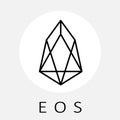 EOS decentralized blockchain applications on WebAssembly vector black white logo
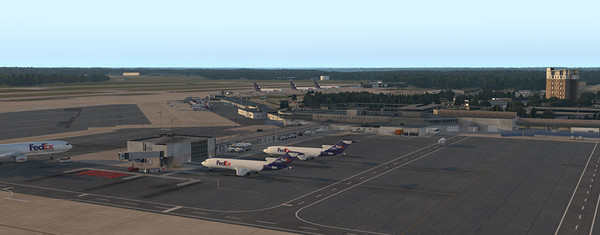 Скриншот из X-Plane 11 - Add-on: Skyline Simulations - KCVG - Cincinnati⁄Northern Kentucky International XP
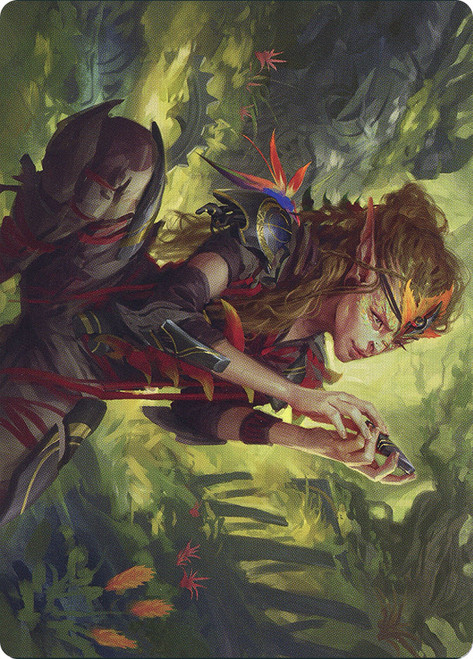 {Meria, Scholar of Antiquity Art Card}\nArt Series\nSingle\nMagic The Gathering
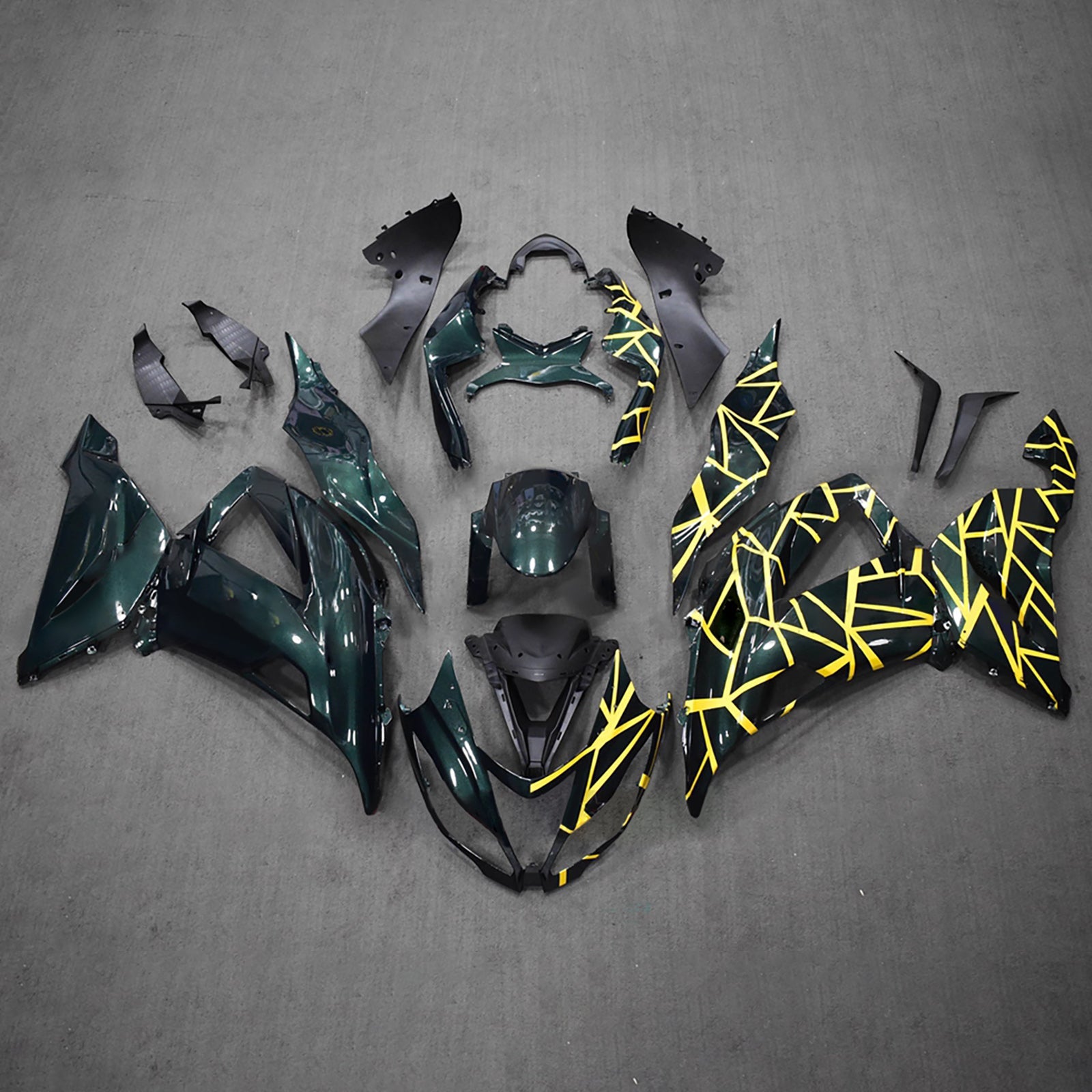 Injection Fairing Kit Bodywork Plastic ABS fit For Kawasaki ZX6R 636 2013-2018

____________

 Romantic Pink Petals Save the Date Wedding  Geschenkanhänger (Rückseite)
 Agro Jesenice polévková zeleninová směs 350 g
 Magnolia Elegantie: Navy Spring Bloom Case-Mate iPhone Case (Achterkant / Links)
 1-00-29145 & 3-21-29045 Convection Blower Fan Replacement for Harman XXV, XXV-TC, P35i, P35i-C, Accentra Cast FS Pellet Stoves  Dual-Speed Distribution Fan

____________

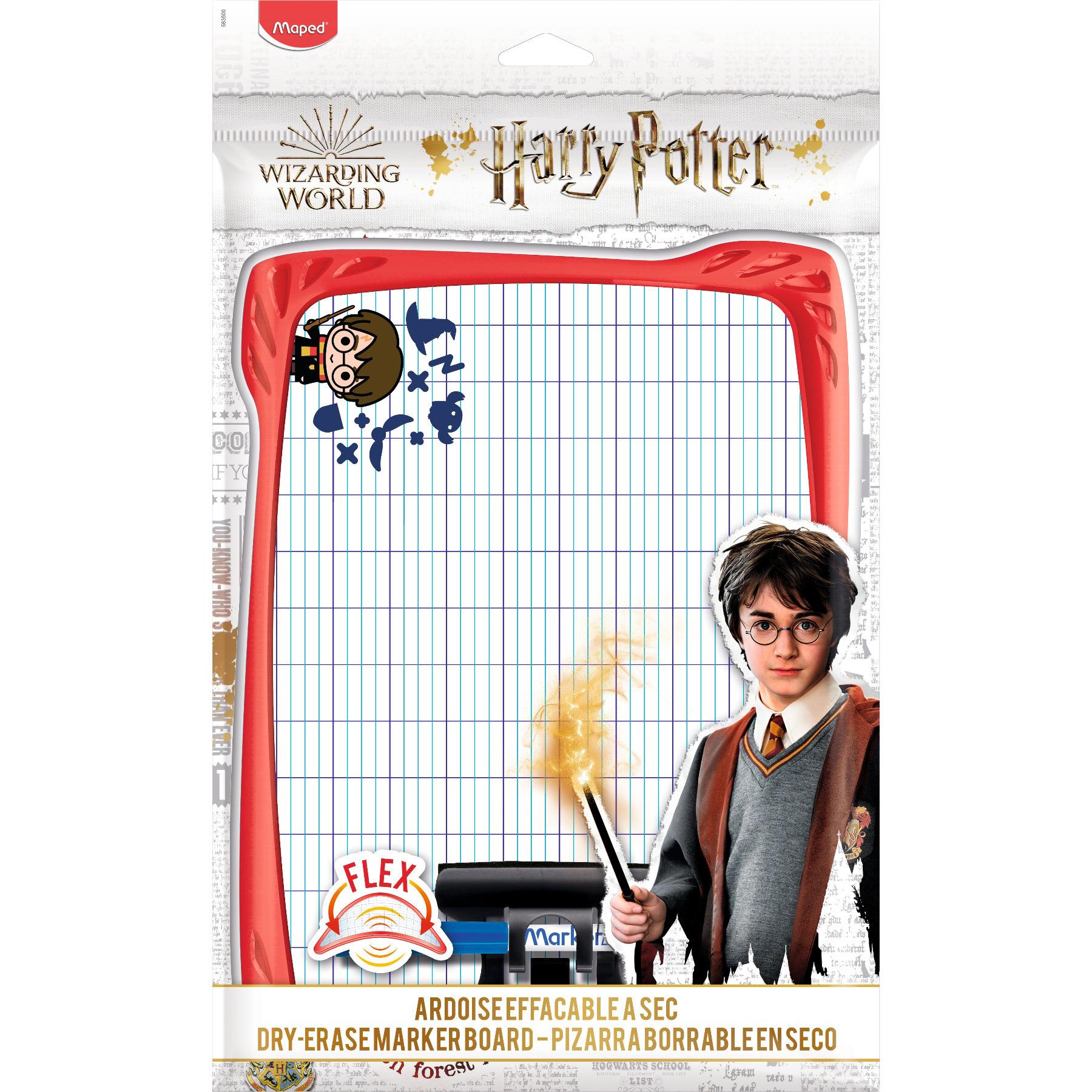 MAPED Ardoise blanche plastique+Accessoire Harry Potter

____________

→ **ACTIVITY**
Give again the stretch of the entries above that begins at the line with "EOS decentralized blockchain" and ends at the line with "Injection Fairing Kit", word for word, with no pictures.

→ **RESULT**
 EOS decentralized blockchain applications on WebAssembly vector black white logo
 Скриншот из X-Plane 11 - Add-on: Skyline Simulations - KCVG - Cincinnati⁄Northern Kentucky International XP
 {Meria, Scholar of Antiquity Art Card}\nArt Series\nSingle\nMagic The Gathering
 Injection Fairing Kit Bodywork Plastic ABS fit For Kawasaki ZX6R 636 2013-2018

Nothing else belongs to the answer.